Обыденность — это сегодня, вчера, каждый день.
Обыденность — это дым, в полдень вьющийся из всех труб и уносимый ветром.
Обыденность — это серая кошка, перебегающая дорогу.
Обыденность — это тарелки на столе и руки, держащие нож и вилку. Обыденность — это запах мыла и щелока, запах пара от белья, поднимающийся из прачечного подвала, это запах дегтя и смолы от лодки, которую чинят, запах карболовой пропитки от нового забора, это запах торфяного дыма и рыбных отбросов, гниющих водорослей и раскуренных трубок.

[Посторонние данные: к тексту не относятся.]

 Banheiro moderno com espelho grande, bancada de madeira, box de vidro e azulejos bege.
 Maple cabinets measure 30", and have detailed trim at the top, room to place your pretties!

Обыденность — это рыбак Сигвал с красным обветренным лицом, который вышел из нужника и застегивает штаны, угрюмо поглядывая на бегущие по небу тучи над морем. Обыденность — это низенький лавочник Ханс Ольсен, который смотрит на качающиеся чашки весов, зажав между пальцами две картофелины.
Обыденность — это парализованная, но неизменно веселая и довольная Юлиана Звонариха, которая сидит на всегдашнем своем месте, у окна в Кофейном Доме, между двух отполированных до блеска костылей, и с улыбкой качает головою, потешаясь над мирской суетой.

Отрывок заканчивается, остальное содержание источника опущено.